New users of the MES will tend to add too much wood each time they load the wood tray and dump it. Since you used hickory as the smoking wood it would be easy to do.
Each time you add wood (30 to 45 minutes) try using just 5 to 7 chips or 2 small chuncks (about the size of a marshmallow).
You only want just a faint amount of smoke coming out the top vent which should be all the way open. Try using apple as it is much milder...
If your smoked meat tends to "bite" your tongue the above is probably true.

post #6 of 15
Welcome aboard friend!
After a while of smoking regardless your unit will be "broken in." However, it is wise to run the unit empty as the instructions mention to cook off the oily residue.
Happy smoking!
post #7 of 15
Welcome to the SMF forum, You came to the right place. Good people and good info.
post #8 of 15
Illini's advice is to be remembered! The MES delivers big smoke flavor with very little wood.

As for seasoning. I completely wiped the insides out with a warm damp rag. Left open to dry or dry out with another towel. I then sprayed the insides with a good coating of PAM. Follow the manual's directions about preheat from there, add wood about 1/3 cup for seasoning, and do that several times for the next 1.5 hours, or longer.

But you have already cooked. You can still wipe the inside out, spray pam, but it really is not necessary. I would heat the unit to 270-275º once at that temp add wood, and season for another hour or two, about 15 chips every 30 min.

Rem. Illini's amount of chips that is all you need for actual meat smoking! If you add a 20 chips you will get lots of white smoke instead of TBS.
post #9 of 15

Welcome to SMF, Glad to have you with us. This is the place to learn, lots of good info and helpful friendly Members.

For Those of you New to Smoking, be sure to check out Jeff's 5 Day Smoking Basics eCourse.
Click Here it's "FREE" ... 5 Day eCourse

I Would Highly Suggest Reading these posts on Food Safety by bbally.

This thread will tell you basically everything you need to know and the man explaining it is
both a ServSafe Instructor and a HACCP Instructor.


Here you can get the 2009 USDA Food Safety Guide from his site.

How to post Qview to Forum:

When you uploading to Photobucket I always use the Large IMG setting, 640 x 480 it is a nice size...

Everyone here enjoys seeing the Qview so be sure to post plenty of pics...

Large ones that us old people with bad eyes can see.

For Step By Step Instructions On Posting Qview Check Out This Tutorial

post #10 of 15
First off welcome Ham Walk to SMF. It sounds like you are well on your way to be an outstanding new member of this fine site.

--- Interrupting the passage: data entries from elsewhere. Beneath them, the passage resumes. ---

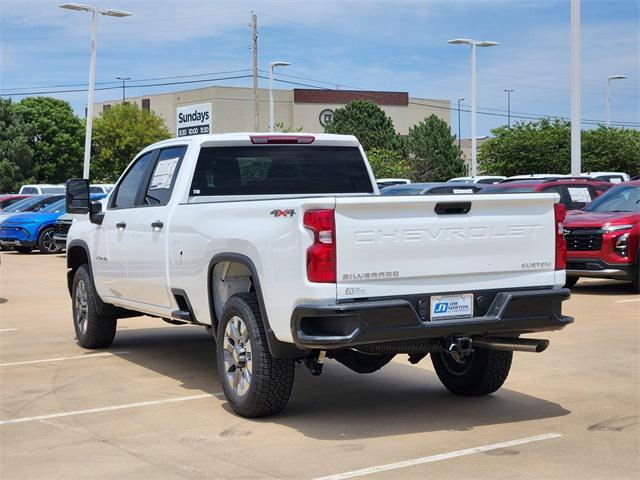 new 2025 Chevrolet Silverado 2500 car, priced at $51,788
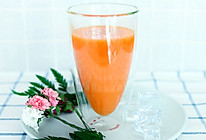干眼症克星：苹果橙子胡萝卜汁的做法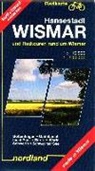 Peter Kast - Radfahrer Stadtkarte Hansestadt Wismar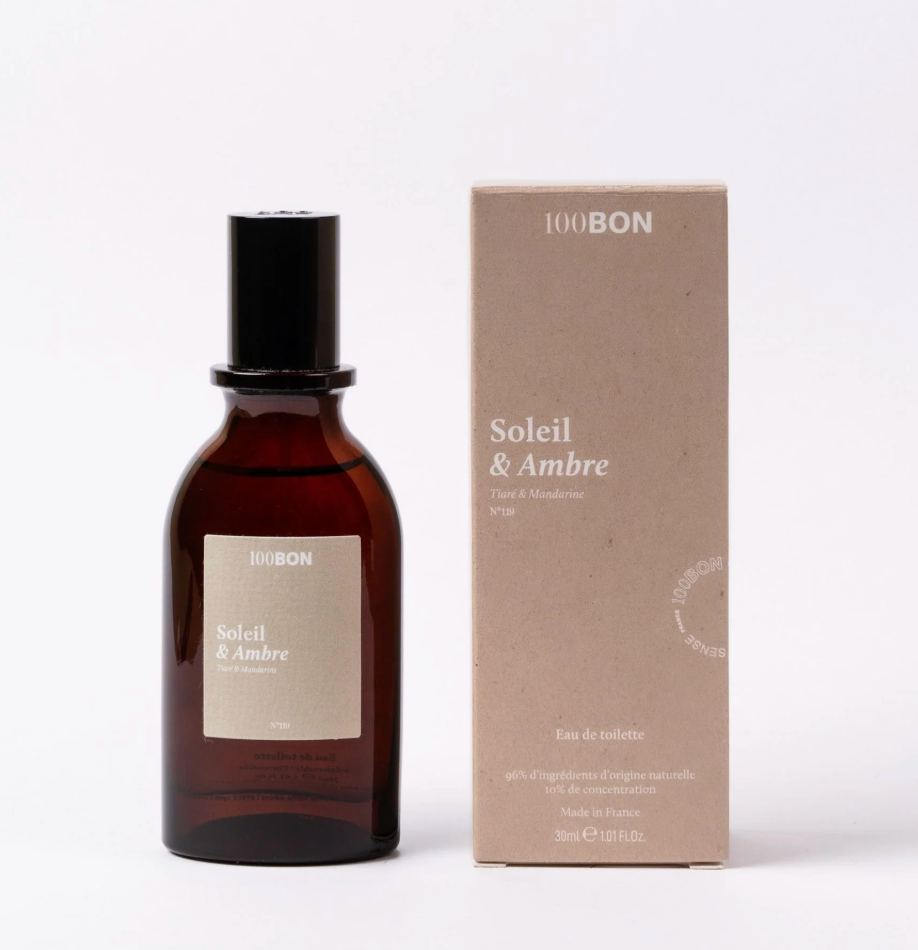 Soleil & Ambre (Sun & Amber) - Eau de Toilette - 30ml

You'll like it here cause there are abunch of good folks here that would just love to help you out with just about anything to do with smoking. We really like to have newbies here because they can bring in a new propective to how things are done. There's nothing like a new set of eyes to give and new way to make things that little differant to make things alittle better. So I hope you know about the Qview here.
Here's a link to photobucket it's free and easy to download pictures. Then if your really new to smoking Look up the E-course.
It's also free and it will give you the basics of smoking. So after all of that you just need to go grab something to smoke and if you have any question just post them here and we will answer it quickly so you don't have any mishaps with your smoke.
Welcome To Your New Addiction
post #11 of 15
Welcome. Always good to see more Georgia folks join in.
post #12 of 15
Welcome all kinds of info here
post #13 of 15
Thread Starter 


I'm feeling the warmth already. I think Illini might have nailed the issue. We are used to filling an iron smoker box with chips and smoking over charcoal. We were pretty heavy handed with the hickory. The Pam idea makes sense and who could object to a brisket?

Thanks Again
post #14 of 15
Welcome to the SMF, plenty of MES owners here who can offer you some great suggestions. it's all good my friend.